With proper nippers, a pin forest this sparse will be easy-peasy, once I nip off the unused pins. Then, on adjacent pins, I can bend them away from each other. I just could not find my nippers -- I just signed a lease and am moving residence -- and you can't really used gen-purpose side-cutters on this stuff, they're too large.
I don't mind epoxy, it's just that the electrical test is supposed to precede the potting, and I got it out of order again. Like soldering terminals and then remembering that I was supposed to feed through a housing first, or install heat shink first, or whatever. Happens to me all the time, esp. with interruptions.
Mouser forwarded to me a notice that the DE9 shell that I used has been discontinued by TE Conn.

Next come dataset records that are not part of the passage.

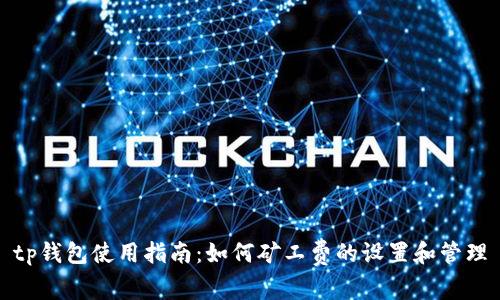 tp钱包使用指南：如何矿工费的设置和管理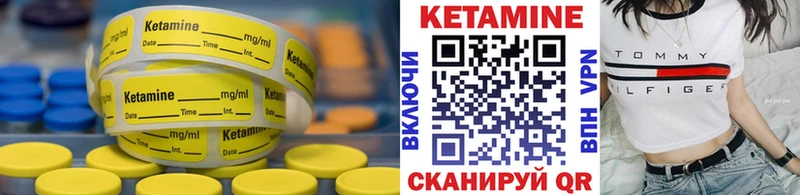 Кетамин ketamine  Терек 
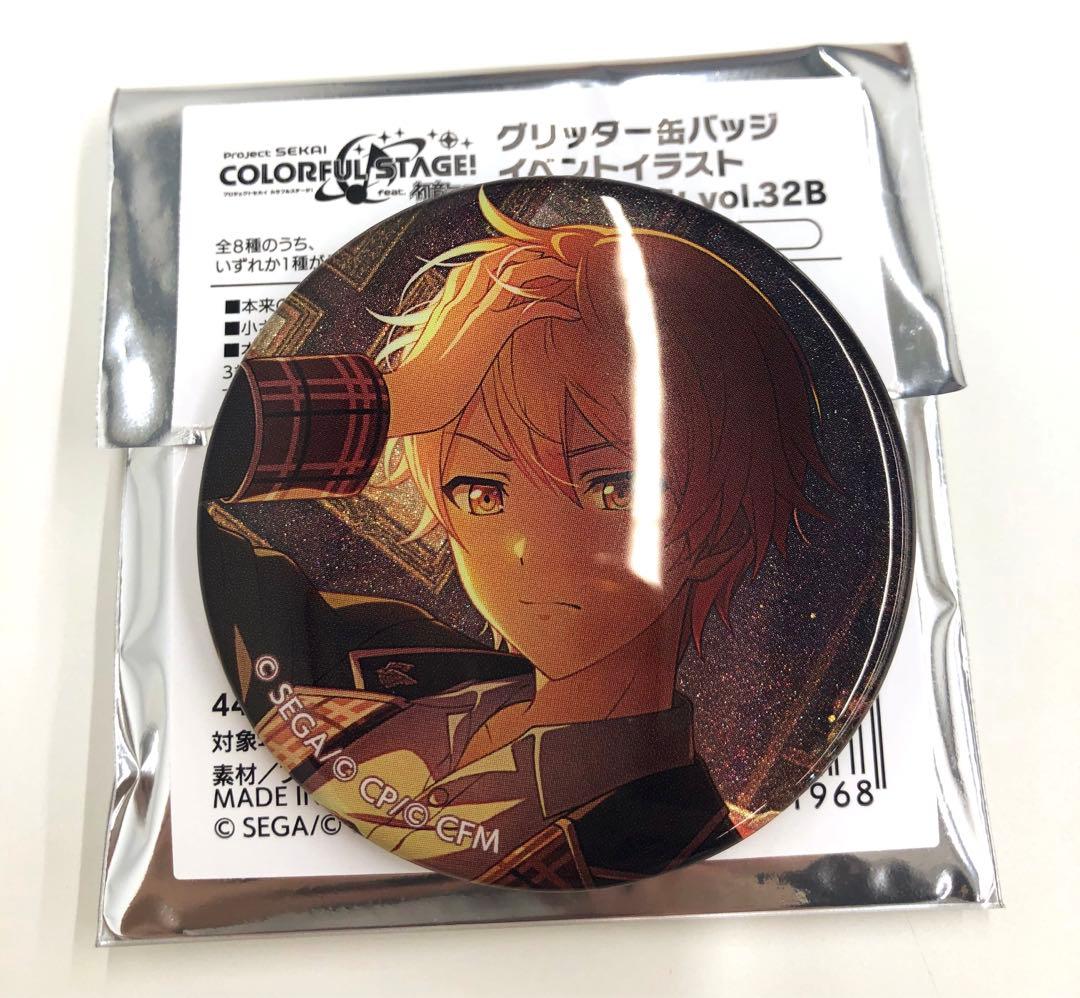 プロセカ グリッター缶バッジ 天馬司 32B 1点 - メルカリ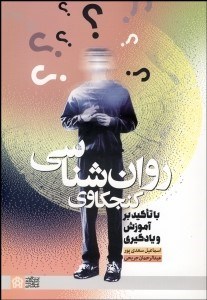 تصویر  روانشناسي كنجكاوي (با تاكيد بر آموزش و يادگيري)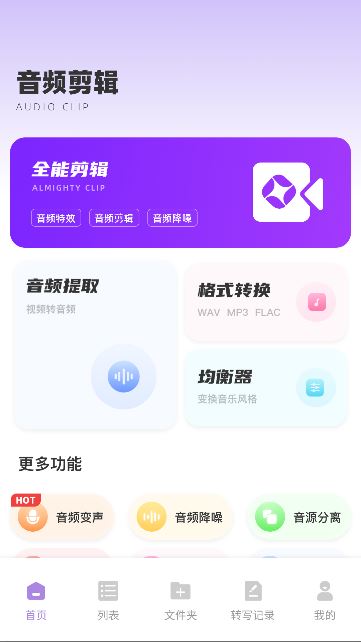 极简音效助手app最新版下载 极简音效助手app最新版下载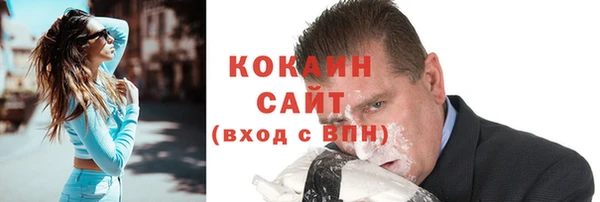 МДПВ Майский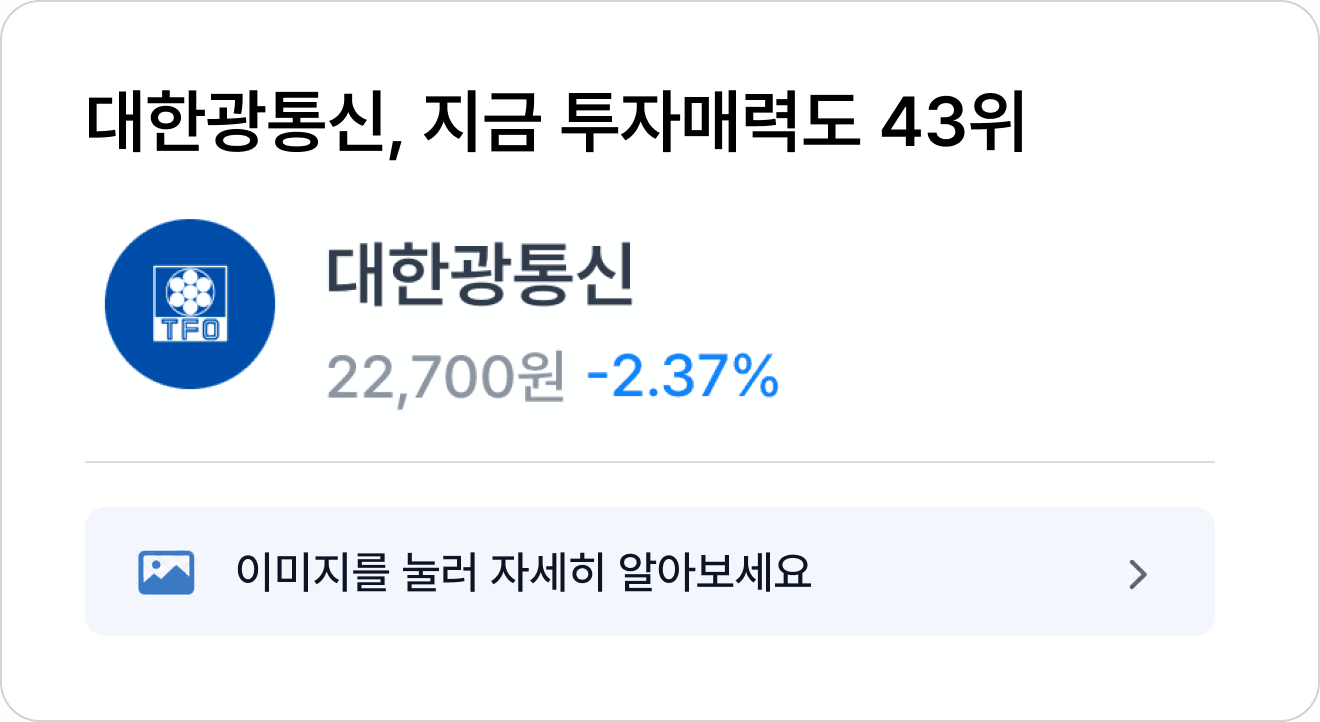 nvidia-optical-fiber-investment-daehangwangtong-rank.png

shame, it's nice. I'll have to find a sub if I need another one someday. I used to buy metal shells like this by the bucketload . . . 25 years ago.
When you gonna draw up proper adapter boards?

No actives or passive, should be easy for someone versed in this. I had so much trouble drawing a gen-purpose wiring diagram using KiCad that I gave up and went back to gen-purpose drawing tools: PhotoShop circa 2007, and SnagIt! Editor circa 2016. I thought KiCad would be an appropriate tool, but it's not for what I wanted to do. Then I found actual bugs in the UI and got sent down the usual rabbit hole of free software: bug reports, which will likely sit unhandled for years until all the principals have moved on and the the code's been refactored so many times that nobody knows where to start anymore.